***** Supplied data *****

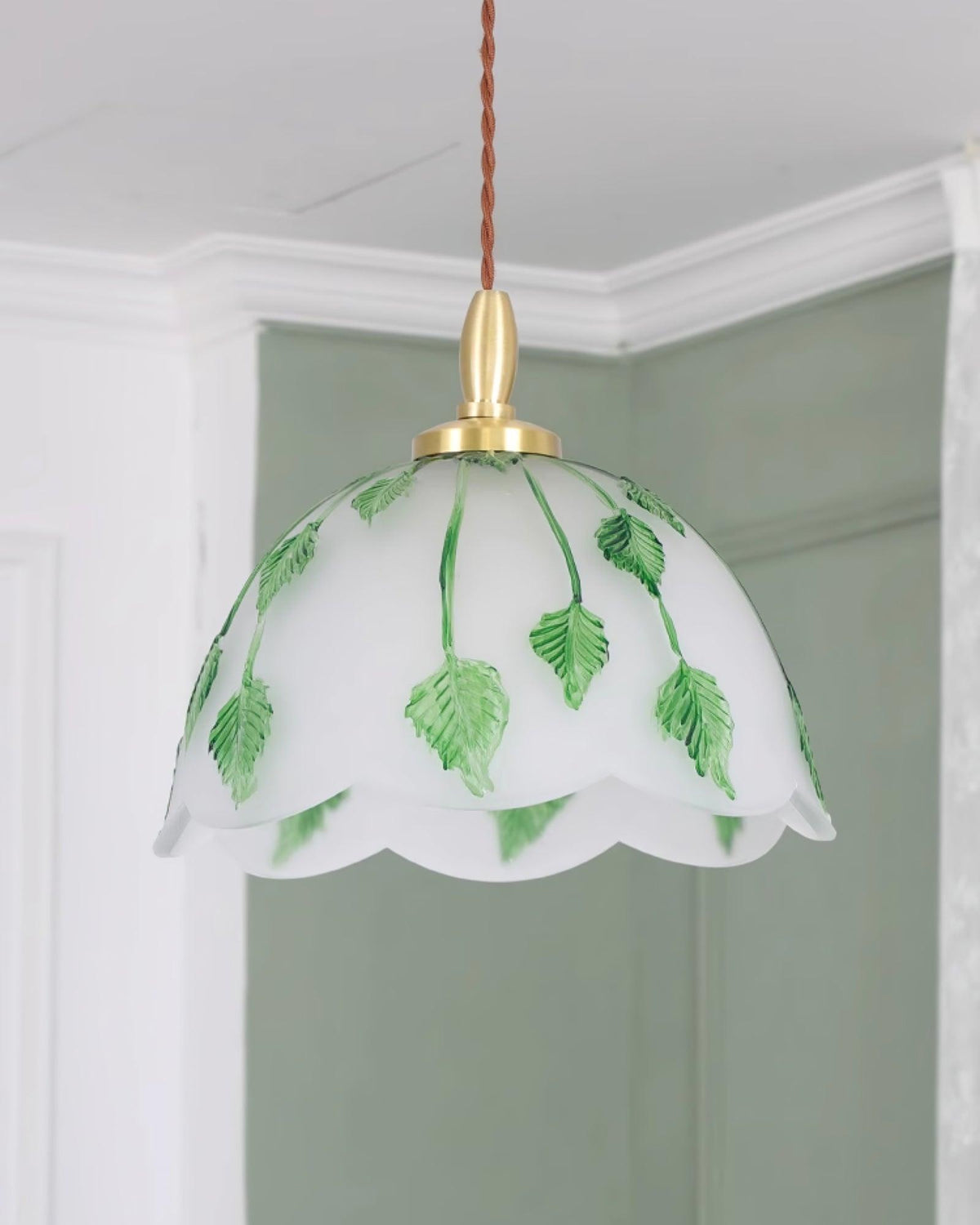 Ivy Leaf Pendant Lamp 11"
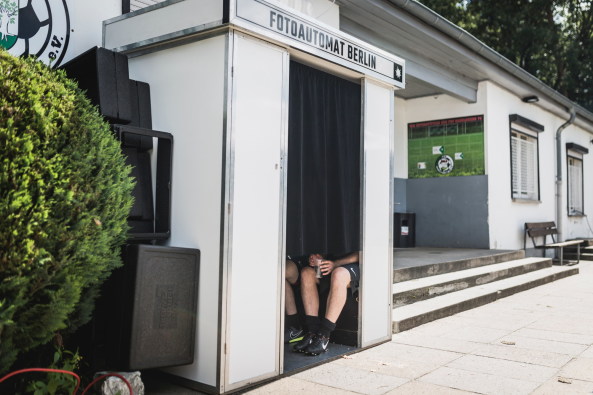 Baunetz, Meldung, Fu�ball, Architektenfu�ball, Spitzenb�ros der Hauptstadt, �Architekten Berlin Cup�. And the winner is? Max Dudler Architekten, Herzog & de Meuron, Eike Becker_Architekten, Vorjahressieger, Halbfinale Feddersen | DMSW Architekten, SV Babelsberg, Bullriding, Torwandschie�en, Eiskimo, Gorilla Barbecue, Lucas Vogelsang, BauNetz, Platin-Sponsor, Tesla, Probefahrten, Bluetooth-Soundsystem von Urban Ears, Sonic Drilling, Bar Zentral, ABC � Architekten Berlin Cup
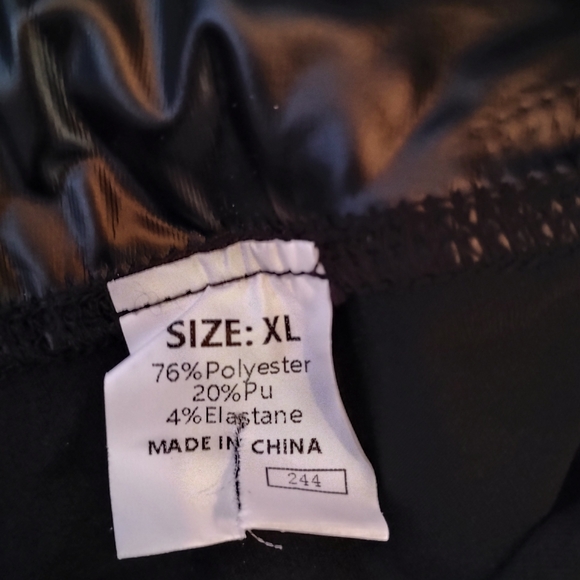 Chic Black Faux Leather Trousers - Picture 6 of 6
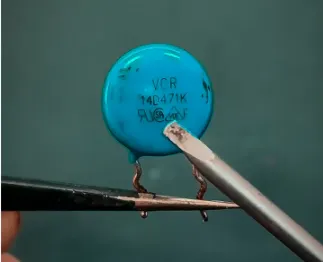 Comparison of surface-mounted vs. buried resistor protection in PCB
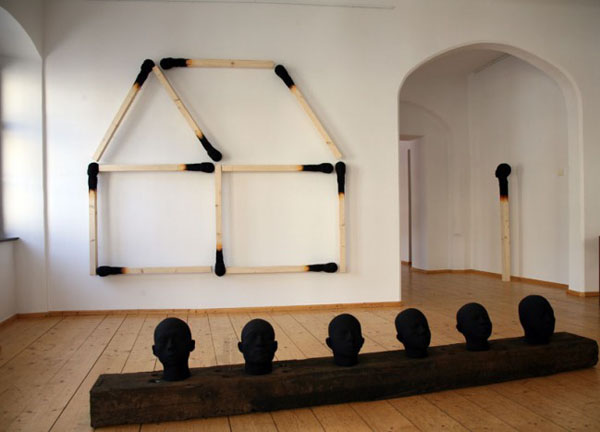 貼切闡述上班族倦怠疲憊的火柴人雕塑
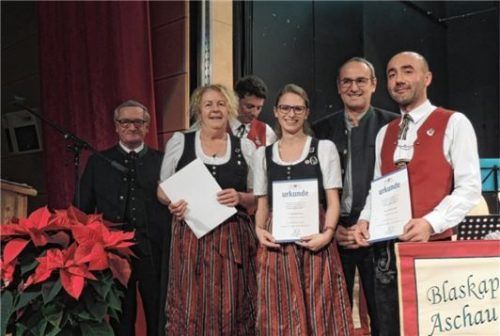 Ehrungen für aktive Musiker: Walter Steigthaler (von links), Ursula Hopf, Wolfgang Duschek, Elisabeth Pascoe, Alois Salzeder und Johannes Huber.
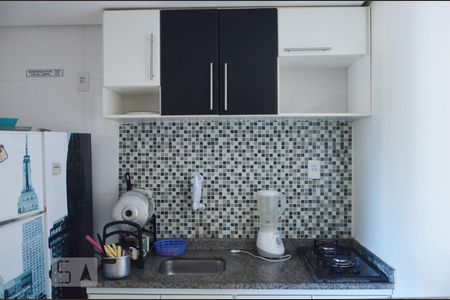 Cozinha de apartamento para alugar com 1 quarto, 33m² em Barra, Salvador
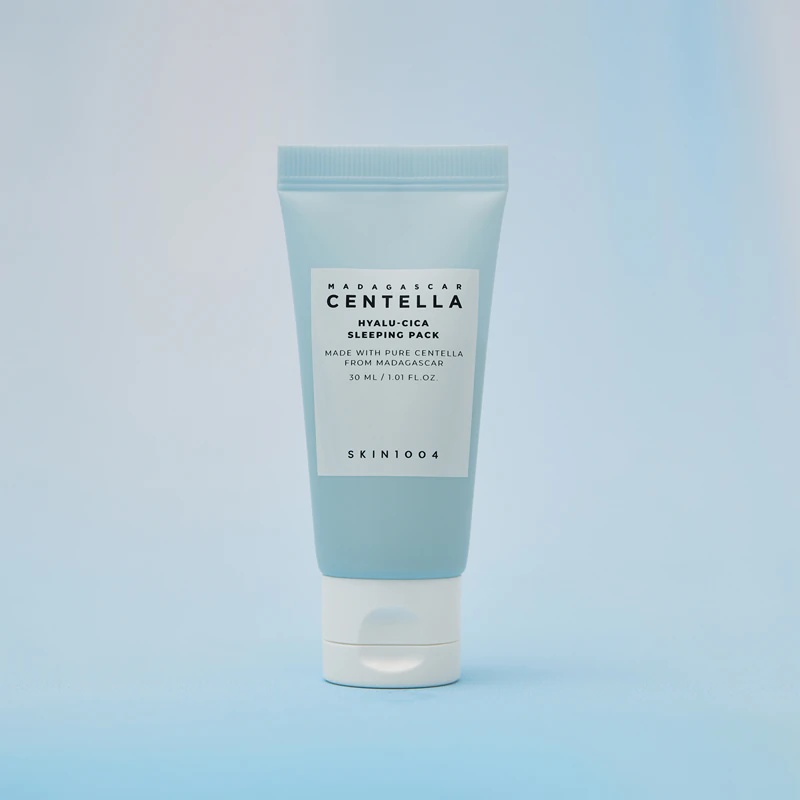 SKIN1004 Madagaskaras Centella Hyalu-Cica Sleeping Pack mitrinoša un sejas krāsu pilnveidojoša nakts maska, kas savelk ādu.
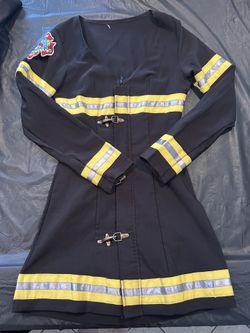 Women’s Small Fireman Halloween Costume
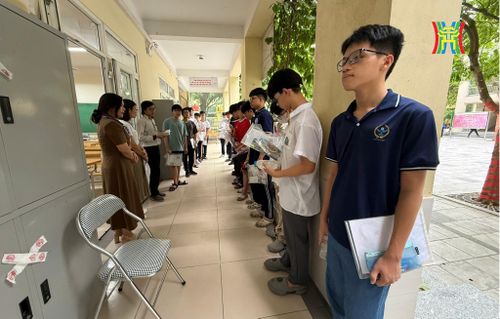 Thí sinh hồi hộp trước khi được gọi vào phòng thi.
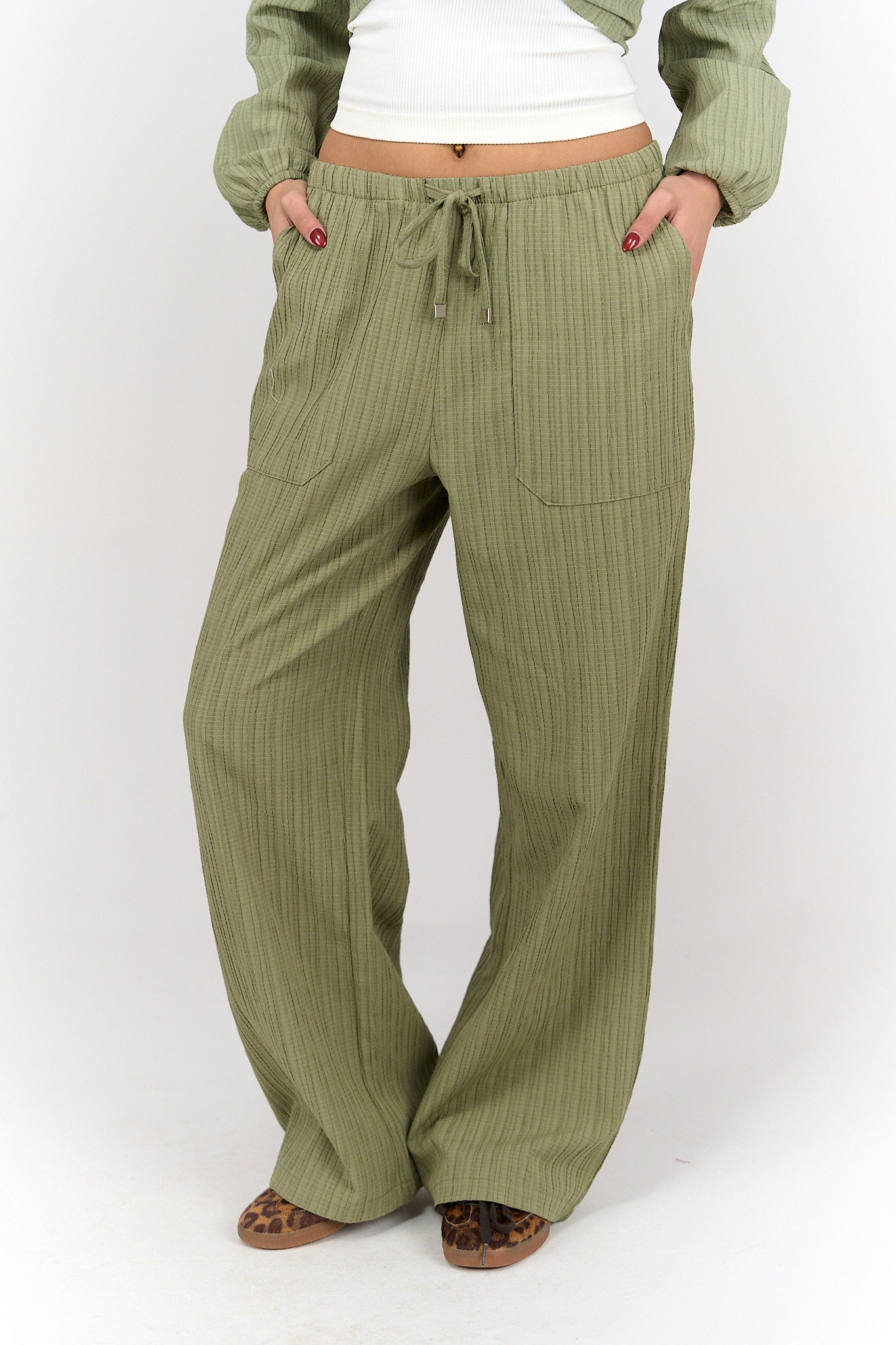 بنطلون تينسل منقوش بنفس اللون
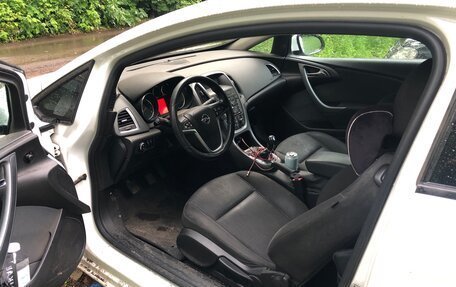 Opel Astra J, 2014 год, 650 000 рублей, 11 фотография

*****

#### Exercise prompt
Once the line containing "بنطلون تينسل منقوش بنفس اللون" is found in the records above, it and every line after it up to the last must be repeated exactly, without pictures.

#### Answer for this exercise
 بنطلون تينسل منقوش بنفس اللون
 Opel Astra J, 2014 год, 650 000 рублей, 11 фотография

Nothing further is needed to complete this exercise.